- [What you should do] What you produce should be the lines from the line containing "When you go to school with no sleep" through the last line below, both ends included, reproduced exactly and without pictures.

(Caption-style text data)
⁂

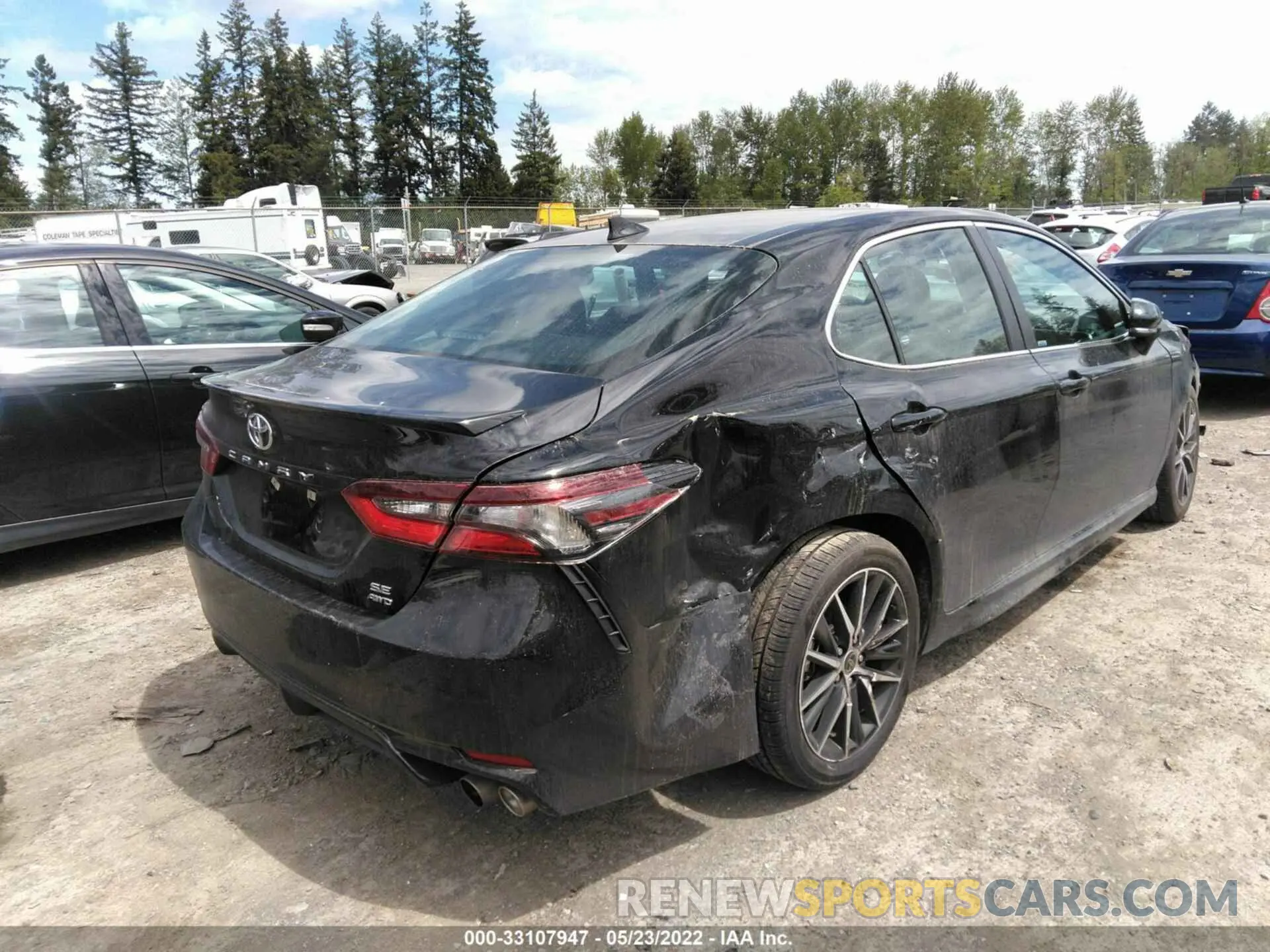 4 fotografías del automóvil dañado 4T1G11BK1NU055357 TOYOTA CAMRY 2022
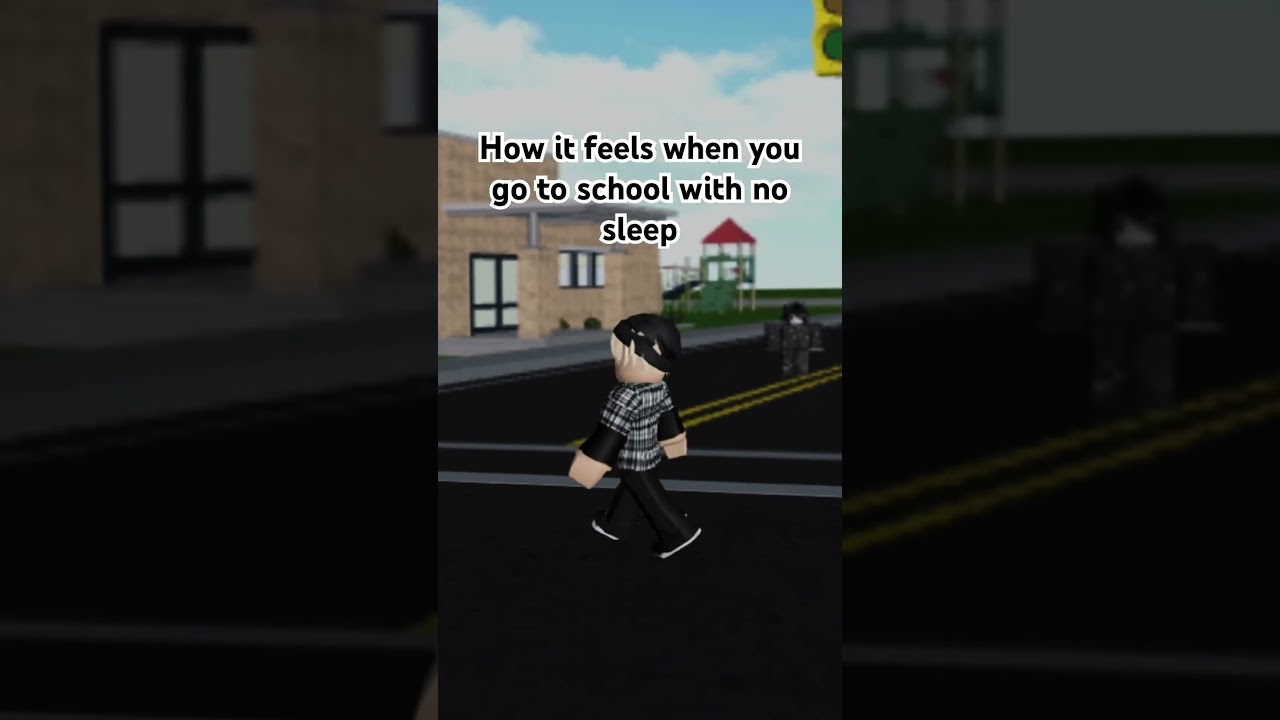 When you go to school with no sleep 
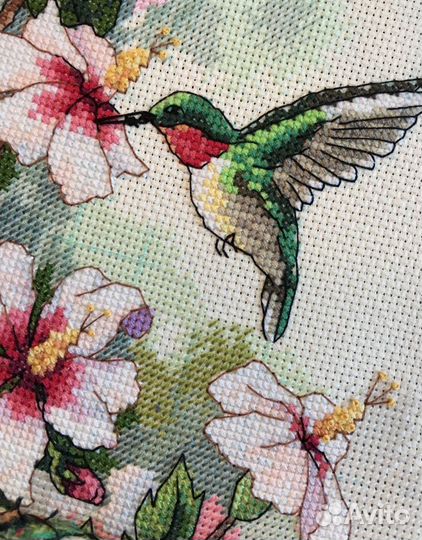 Колибри и клематис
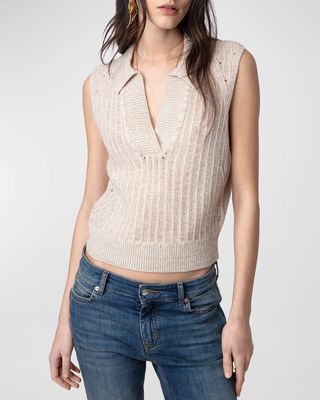 Lunny Wool Sweater Vest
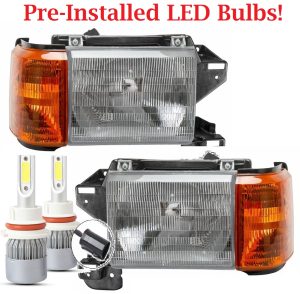 Fleetwood Pace Arrow LED Headlight Assembly & Corner Light Unit Pair (Left & Right)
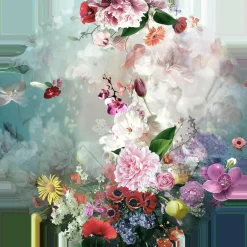 Glasbild BAROQUE FLOWER MIX I Glasbilder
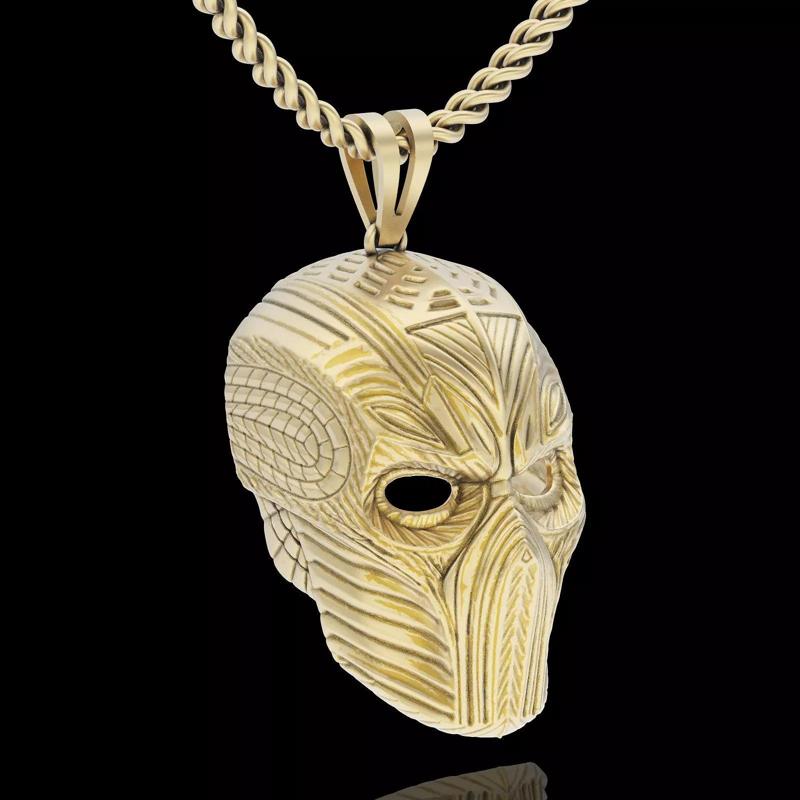 Helmet pendznt silver gold sterling printable jewelry 3D model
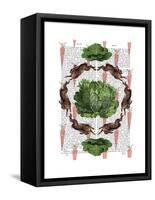 Leaping Hares and Cabbages-Fab Funky-Framed Stretched Canvas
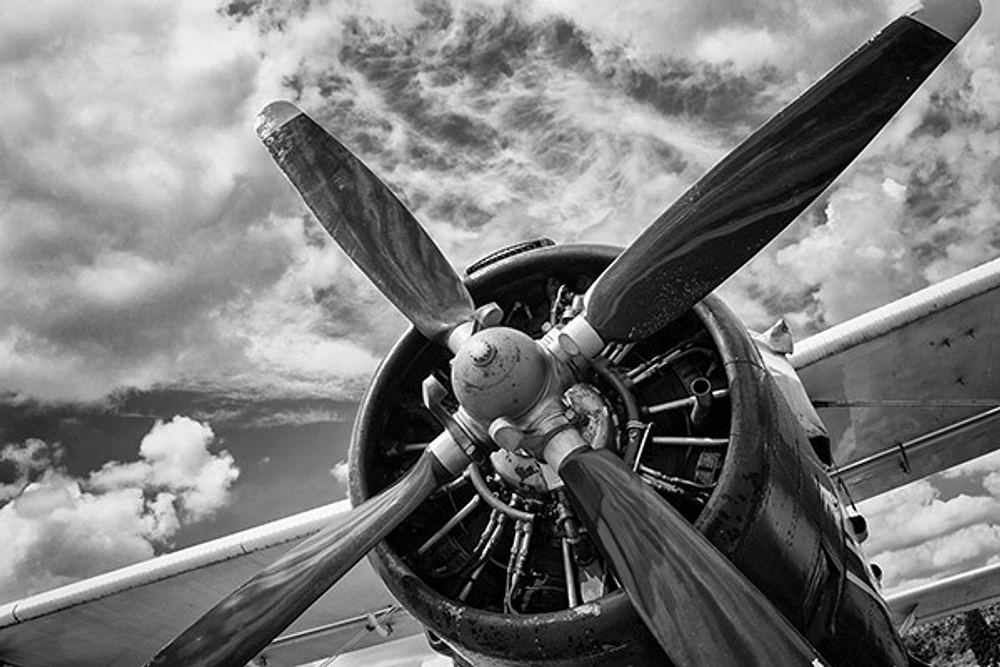 Adrian Smith - Close Up Of Old Airplane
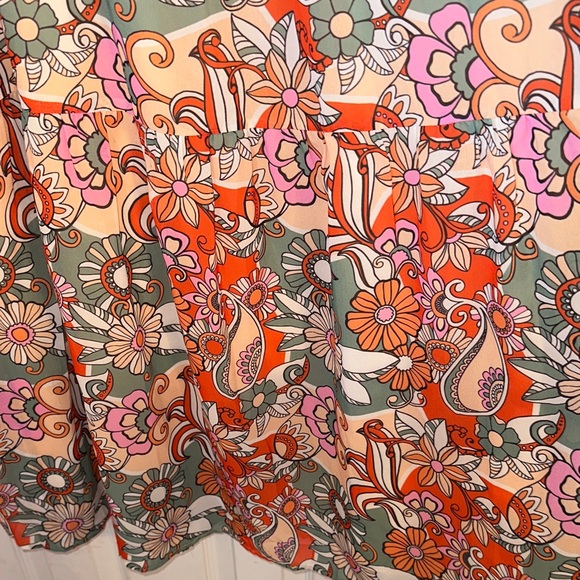 Pink Lily Multicolor Floral Long Sleeve Dress - Picture 3 of 6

⁂

- [Final answer]
 When you go to school with no sleep 
 Колибри и клематис
 Lunny Wool Sweater Vest
 Fleetwood Pace Arrow LED Headlight Assembly & Corner Light Unit Pair (Left & Right)
 Glasbild BAROQUE FLOWER MIX I Glasbilder
 Helmet pendznt silver gold sterling printable jewelry 3D model
 Leaping Hares and Cabbages-Fab Funky-Framed Stretched Canvas
 Adrian Smith - Close Up Of Old Airplane
 Pink Lily Multicolor Floral Long Sleeve Dress - Picture 3 of 6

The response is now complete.